Paired RGB-thermal data is crucial for visual-thermal sensor fusion and cross-modality tasks, including important applications such as multi-modal image alignment and retrieval. However, the scarcity of synchronized and calibrated RGB-thermal image pairs presents a major obstacle to progress in these areas. To overcome this challenge, RGB-to-Thermal (RGB-T) image translation has emerged as a promising solution, enabling the synthesis of thermal images from abundant RGB datasets for training purposes. In this study, we propose ThermalGen, an adaptive flow-based generative model for RGB-T image translation, incorporating an RGB image conditioning architecture and a style-disentangled mechanism.
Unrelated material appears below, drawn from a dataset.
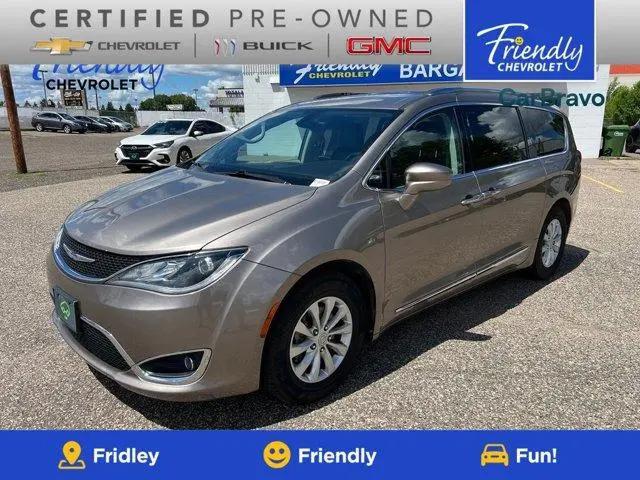 2018 Chrysler Pacifica Touring L for sale in Fridley, MN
To support large-scale training, we curated eight public satellite-aerial, aerial, and ground RGB-T paired datasets, and introduced three new large-scale satellite-aerial RGB-T datasets—DJI-day, BosonPlus-day, and BosonPlus-night—captured across diverse times, sensor types, and geographic regions. Extensive evaluations across multiple RGB-T benchmarks demonstrate that ThermalGen achieves comparable or superior translation performance compared to existing GAN-based and diffusion-based methods. To our knowledge, ThermalGen is the first RGB-T image translation model capable of synthesizing thermal images that reflect significant variations in viewpoints, sensor characteristics, and environmental conditions.
We present RGB inputs alongside generated thermal images using ThermalGen across a range of challenging variations, including viewpoint variation, day-night change, sensor variation, and environmental change. Variations are illustrated between the two rows in each group.
Apart from our previous Boson-night dataset, we release addtional datasets: DJI-day, Bosonplus-day, Bosonplus-night.
Our model generates thermal maps from satellite imagery. By leveraging the style-disentangled generative framework, the CFG scale can be tuned to modulate the style and appearance of the synthesized thermal maps.